• ASSIGNMENT
Look below for the line containing "HotelMOTEL Adelaide - Perisher" and the line containing "Satiro Sevilla online"; repeat exactly those two lines and all lines between them, and nothing else.

RECORDS FOR THE TASK Block Start

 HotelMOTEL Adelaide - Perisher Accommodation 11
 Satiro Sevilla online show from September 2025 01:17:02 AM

RECORDS FOR THE TASK Block End
RECORDS FOR THE TASK Block Start

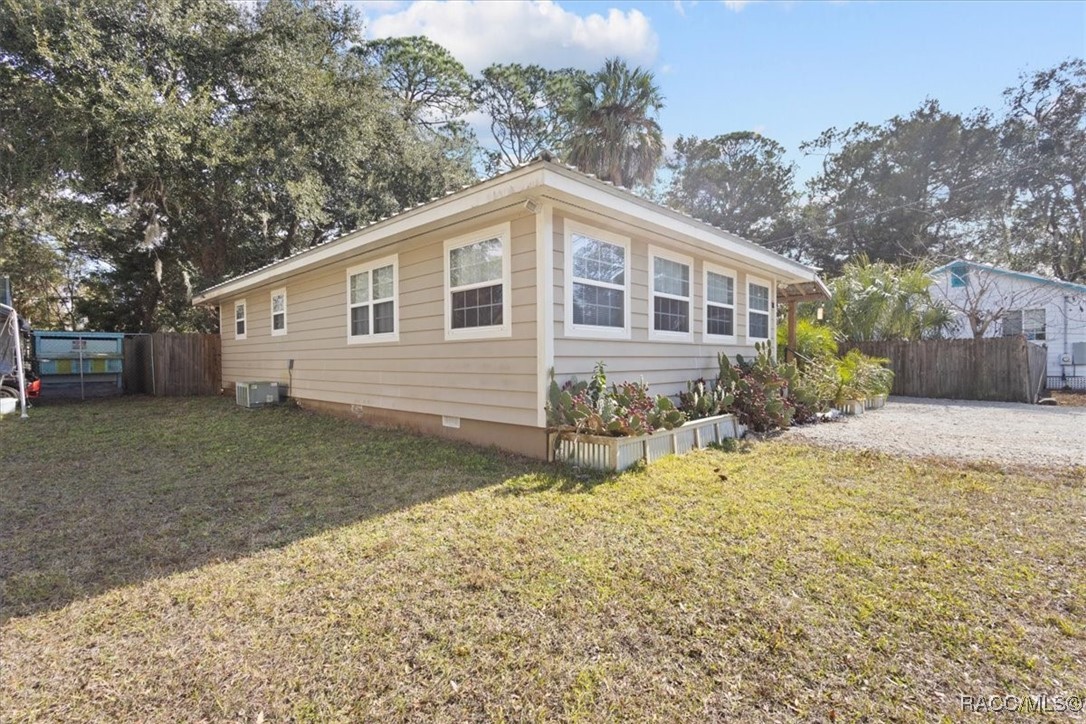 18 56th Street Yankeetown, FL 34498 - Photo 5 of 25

RECORDS FOR THE TASK Block End

• RESULT OF THE TASK
 HotelMOTEL Adelaide - Perisher Accommodation 11
 Satiro Sevilla online show from September 2025 01:17:02 AM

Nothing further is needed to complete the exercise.